Simon Späti (01:02:11)
There's good memes for that.
Michael Driscoll (01:02:14)
Well, we all think that. The world is well structured, and there's good documentation and annotations of I think you know in my experience, which I'm sure is also your experience. You know. We're often just thrown into, here's a login to a database. The column schema has never been documented. And Carol. Carol, who works in, you know the Utah office, and you can just ask her. You know what CT, underscore
Simon Späti (01:02:51)
6, 7, 8, 9. Yeah.
Michael Driscoll (01:02:54)
That means right. So I think just the ability to have good taste and sort of good judgment, and how to navigate the decisions under uncertainty is really important. It's not just technical prowess, the ability to write code that's efficient and performant. It's sort of somewhat softer skills. Maybe view of data versus IQ.
Simon Späti (01:03:26)
It's actually really interesting. Because that goes really in the next topic that we didn't even discuss GenBI. Because there we have another component that actually generates stuff out. And then the human gets even more important to actually verify and to not generate things that might be just totally wrong. I think that what you just said, and it will get even more important with AI and the generative stuff.

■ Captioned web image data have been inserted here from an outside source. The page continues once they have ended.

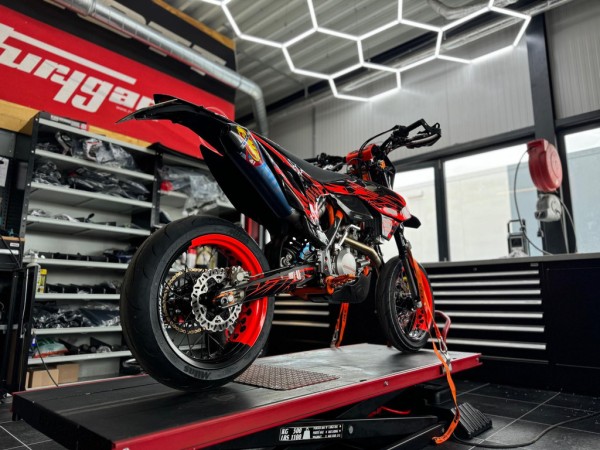KTM 500 EXC Supermoto Supermotard A2 VTR Style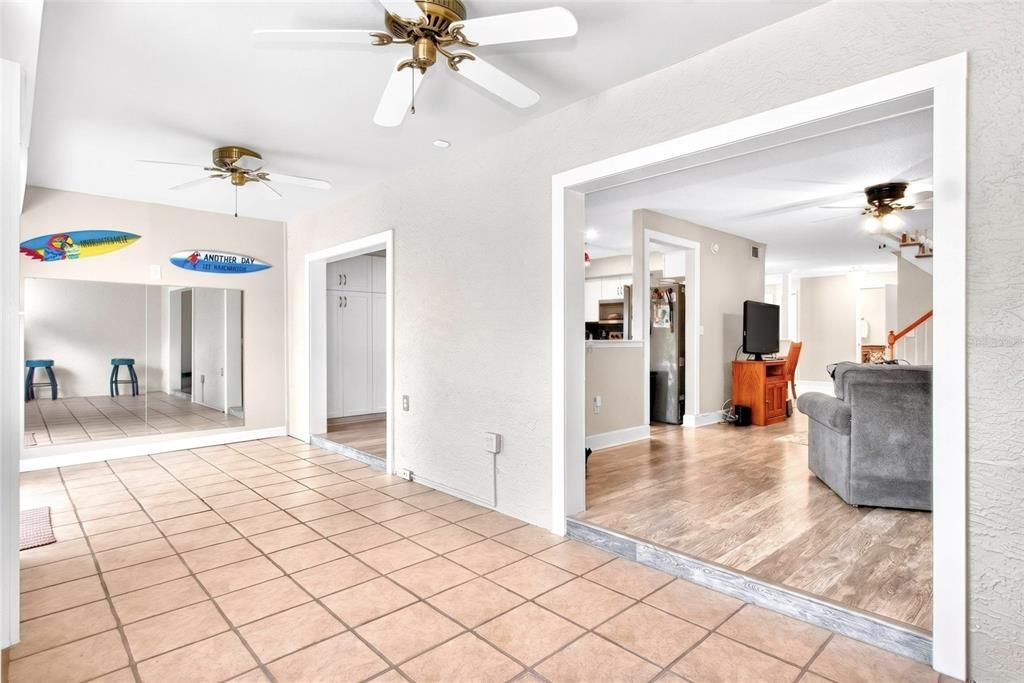 : $469,999 (3 спален, 2 ванн, 1832 Квадратных фут)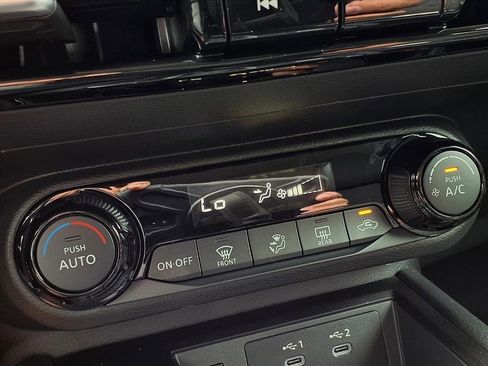 New 2026 Nissan Kicks SV image 18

Michael Driscoll (01:03:55)
Right. I think that's a great point. And AI, whether it's cursor, or Claude, or GPT 4.0, these things are they're good at. They're increasingly good at technical execution. But what's needed from still on the human side is to provide some guidance, some judgment and some frankly, some right, some curation or evaluation of what the outputs are. Does their answer make sense?
Simon Späti (01:04:35)
Yeah, sometimes, also, just a feeling of intuition or just experience. Some things you cannot. Just only know by experience.
Michael Driscoll (01:04:49)
Simon, it has been such a delight and a pleasure to have you here on the Data Talks on the Rocks.
Simon Späti (01:04:57)
Thank you so much for having me.
Michael Driscoll (01:05:00)
I look forward to maybe in the future we'll have to get further into this topic of GenBI, which I know you recently wrote about and we collaborated on that essay of late. We will share some of the links in the blog post that we'll put up with the transcript for anyone who's interested in following some of the things we discussed, whether Bluesky jet stream and some of these different articles that we've all been reading.
We'll also share both your and my Bluesky handles for those who want to continue to further expand on these different discussion paths.
Thank you. Again I look forward to our next discussion and thanks for joining us here.